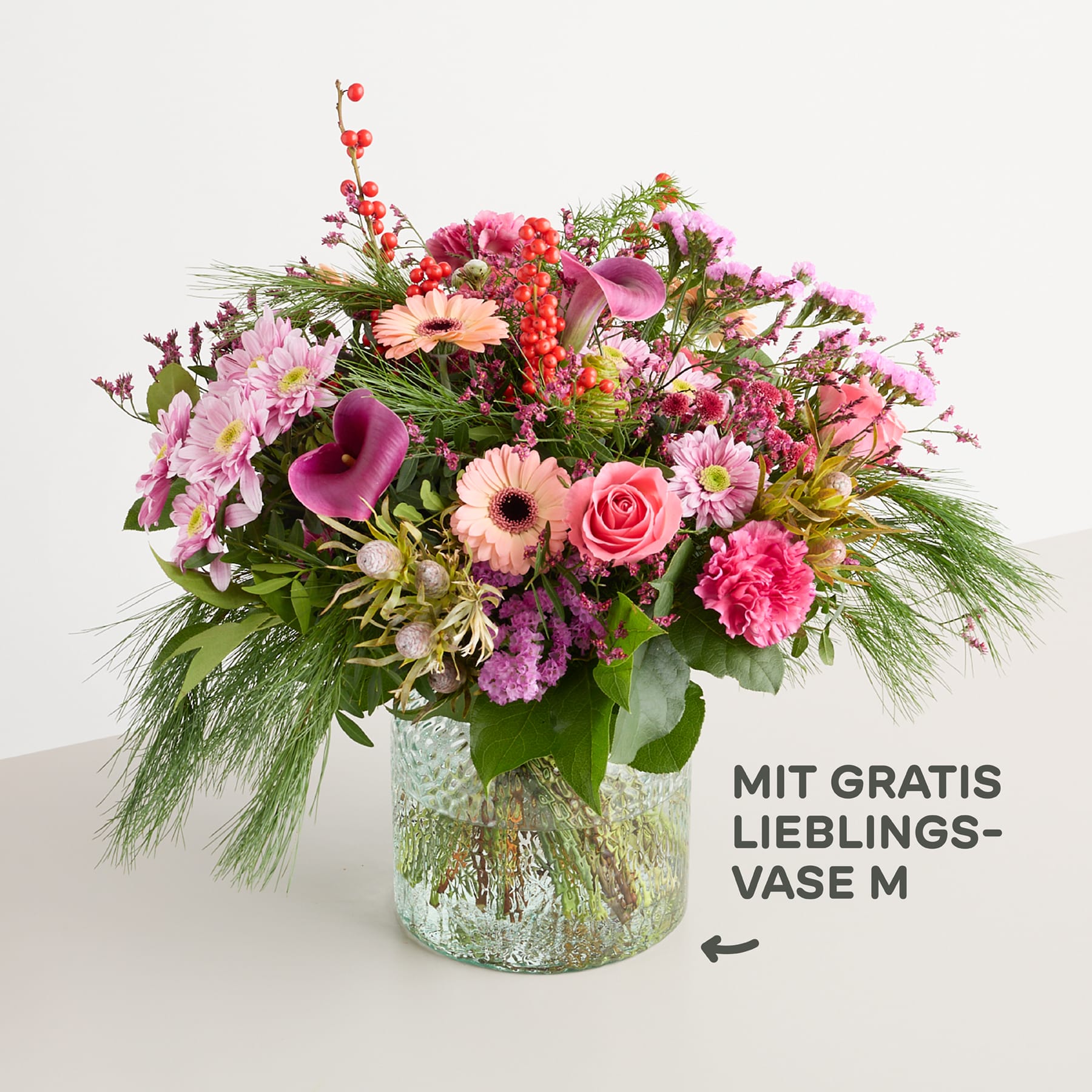Holiday Blooms mit gratis Lieblingsvase M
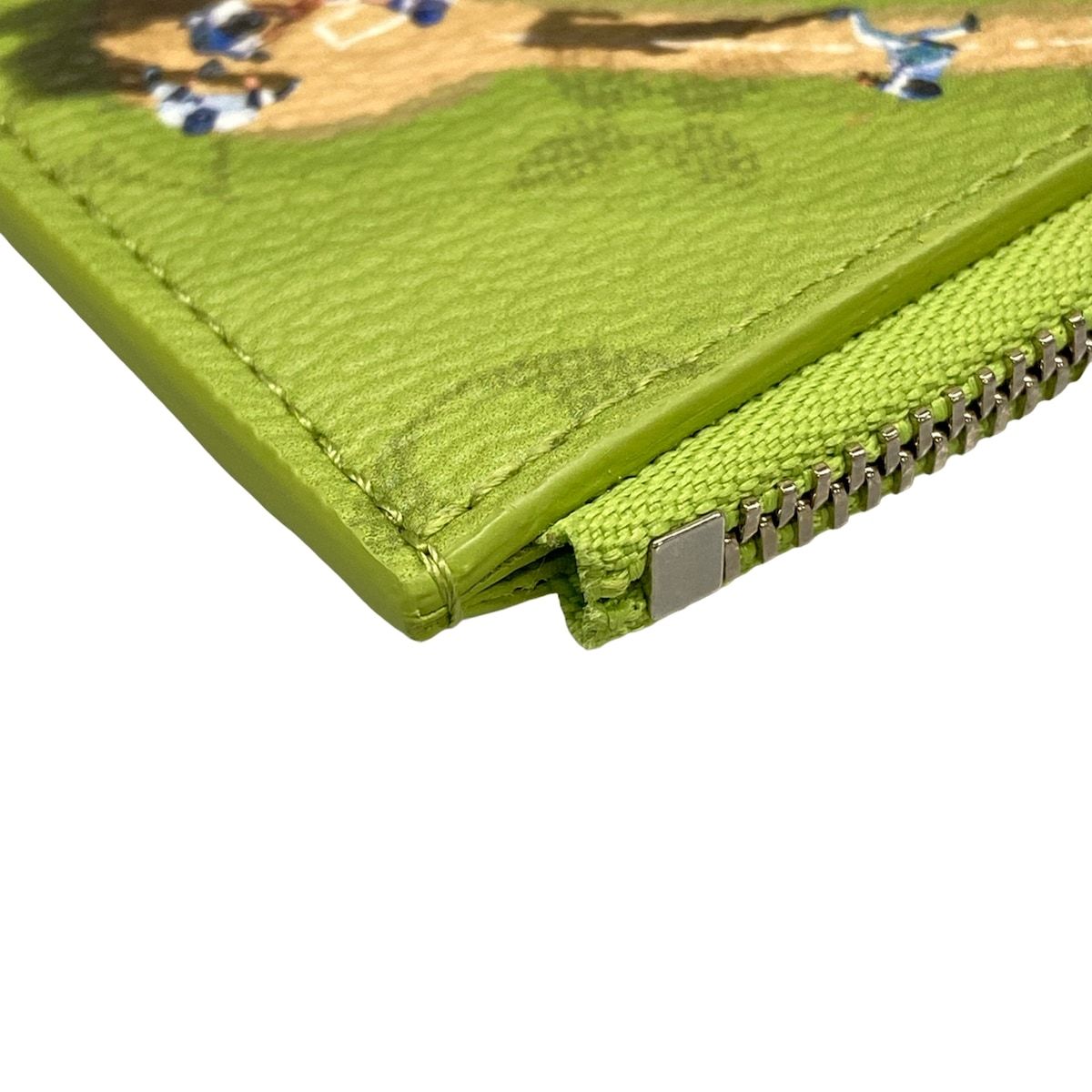 Louis Vuitton Coin Card Holder Baseball Green Stadium — view 6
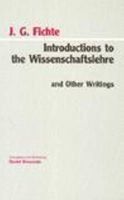 Fichte - Introductions to Wissenschaftslehre and Other Writings, (1797-1800) - 9780872202405 - V9780872202405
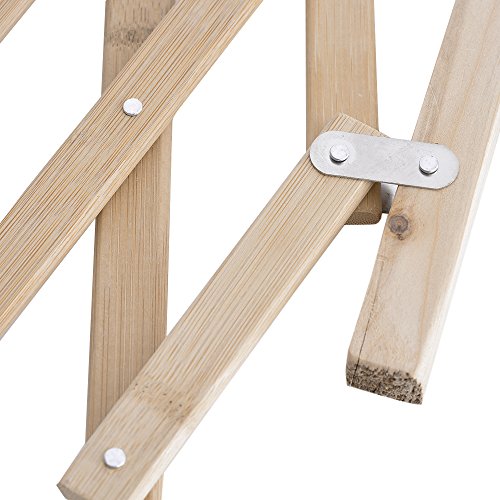 Litthing Barrera de Seguridad para Mascotas de Perros Pequeños Barrera Extensible Doméstica de Madera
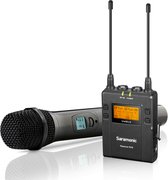 Saramonic Uwmic 9 Kit 4 draadloze handheld microfoonset voor camera en reporter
*-*-*
◆ PROBLEM DESCRIPTION:
Repeat verbatim the lines from the one with "Litthing Barrera de" through the end of the listing above. Include both ends, add nothing, and exclude the pictures.

◆ TASK ANSWER:
 Litthing Barrera de Seguridad para Mascotas de Perros Pequeños Barrera Extensible Doméstica de Madera
 Saramonic Uwmic 9 Kit 4 draadloze handheld microfoonset voor camera en reporter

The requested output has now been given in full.